Photography Tips: Follow your Heart

I wanted to go to Machu Picchu. I really did. But I knew, long before I got there that there was no way I would be able to shoot “straight” Machu Picchu photographs. No way.

Machu Picchu black and white photo

You see, I knew what Machu Picchu looked like, but I surely didn’t know what it FELT like until the worn out soles of my canvas hiking boots hit the weathered surface of those all too historical stones. So I left myself open to physical and mental interpretation. Getting up before the sun, riding the bus up the twisting slopes, putting on my rain gear and then walking out from the edges of fog and suddenly I could FEEL this place. Straight color, images I’d seen hundreds of times before didn’t register with me. I FELT this place in black and white and I felt something slightly off. I realized I needed to make multiple exposures of Machu Picchu almost as if the place was moving. What struck me, as it does many people, was the idea that human beings made this place. They carved it, carried it and then assembled it. Yep, you guessed it, by hand. I was FEELING the movement in a place that is entirely stationary.

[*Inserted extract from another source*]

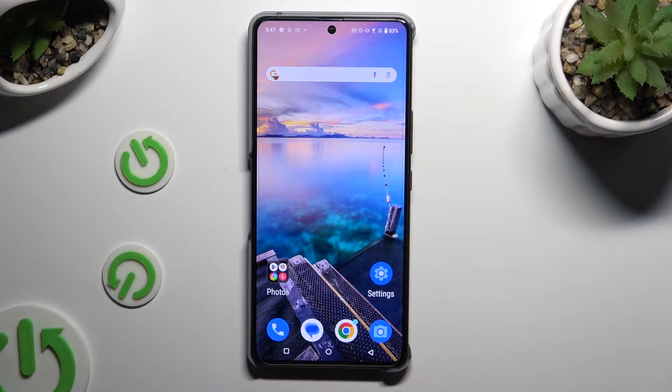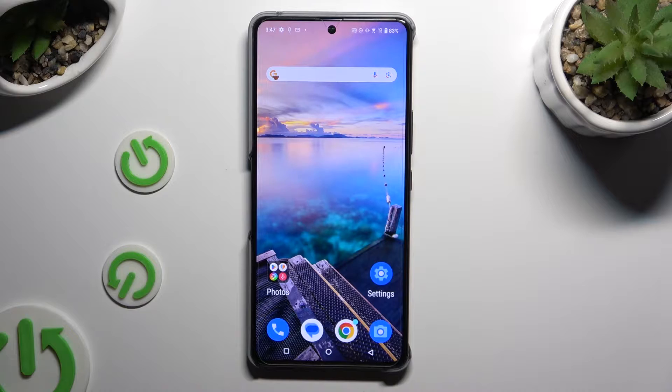In front of me is the ROG Phone 8, and today I would like to show you how you can open apps in split-screen view.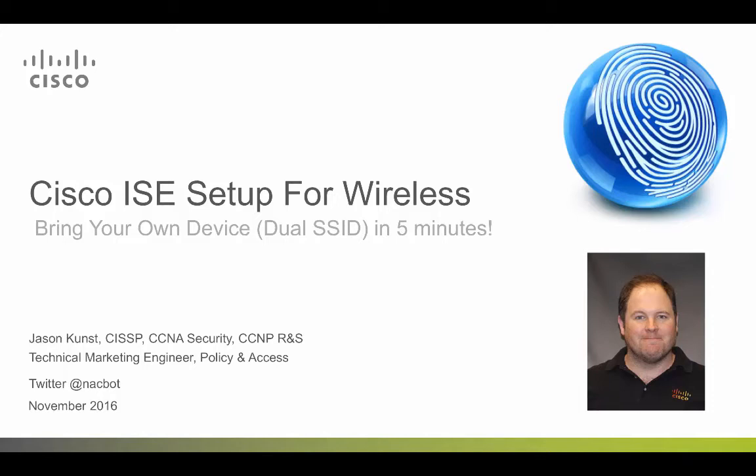Hello, my name is Jason Kunst. I'm a technical marketing engineer for Identity Services Engine. This presentation is focused around easy and quick setup for guest BYOD and secure access. Today I will be bringing you through our new wireless setup tool in ISE 2.2 and focus on the BYOD flow for native supplicant and certificate provisioning, specifically around dual SSID, which means you have two different networks, an onboarding network and a secured network after the devices have gone through the provisioning tool. This demonstration will show you how to get this up and running in about five minutes.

So I shot it this way. Is this a great photograph? Yes. No. Maybe. I’ll leave that to your interpretation, but all I can say for sure is that for me it MEANS something. When I look back on this image, and the others I made in this fashion, they make me FEEL like I’m standing on those stones once again. We experience something when we make pictures and our audience experiences somethin when they see our work. Embrace it.